- _YOUR TASK_
Only the lines from the one containing "INTERVISTA WALTER MAZZARRI" through the end of the listing below are to be reproduced, exactly as they stand.

*** Block opens ***

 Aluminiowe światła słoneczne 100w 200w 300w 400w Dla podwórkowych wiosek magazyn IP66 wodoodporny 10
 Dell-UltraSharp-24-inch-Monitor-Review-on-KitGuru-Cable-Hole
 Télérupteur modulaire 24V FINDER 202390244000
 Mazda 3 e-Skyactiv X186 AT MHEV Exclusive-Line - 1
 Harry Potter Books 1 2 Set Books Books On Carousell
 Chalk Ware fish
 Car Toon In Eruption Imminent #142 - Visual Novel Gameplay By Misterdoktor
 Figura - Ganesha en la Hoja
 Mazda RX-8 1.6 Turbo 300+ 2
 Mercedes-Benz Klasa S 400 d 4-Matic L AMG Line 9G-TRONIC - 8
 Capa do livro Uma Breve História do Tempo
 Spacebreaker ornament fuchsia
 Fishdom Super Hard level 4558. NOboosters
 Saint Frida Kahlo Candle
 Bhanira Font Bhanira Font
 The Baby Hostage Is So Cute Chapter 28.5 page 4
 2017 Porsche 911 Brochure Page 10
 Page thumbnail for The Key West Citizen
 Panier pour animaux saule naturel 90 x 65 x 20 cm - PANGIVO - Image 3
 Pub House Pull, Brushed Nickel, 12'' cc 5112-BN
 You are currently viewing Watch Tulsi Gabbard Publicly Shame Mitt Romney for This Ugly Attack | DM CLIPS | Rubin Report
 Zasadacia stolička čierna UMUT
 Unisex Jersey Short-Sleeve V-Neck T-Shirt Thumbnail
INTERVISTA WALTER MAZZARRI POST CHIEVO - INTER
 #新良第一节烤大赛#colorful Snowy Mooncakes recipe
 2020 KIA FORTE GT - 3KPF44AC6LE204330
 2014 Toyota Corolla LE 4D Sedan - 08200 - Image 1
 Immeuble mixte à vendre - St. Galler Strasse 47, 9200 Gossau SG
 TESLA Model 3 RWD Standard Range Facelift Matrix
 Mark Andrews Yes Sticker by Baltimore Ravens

*** Block closes ***

- _YOUR RESPONSE_
INTERVISTA WALTER MAZZARRI POST CHIEVO - INTER
 #新良第一节烤大赛#colorful Snowy Mooncakes recipe
 2020 KIA FORTE GT - 3KPF44AC6LE204330
 2014 Toyota Corolla LE 4D Sedan - 08200 - Image 1
 Immeuble mixte à vendre - St. Galler Strasse 47, 9200 Gossau SG
 TESLA Model 3 RWD Standard Range Facelift Matrix
 Mark Andrews Yes Sticker by Baltimore Ravens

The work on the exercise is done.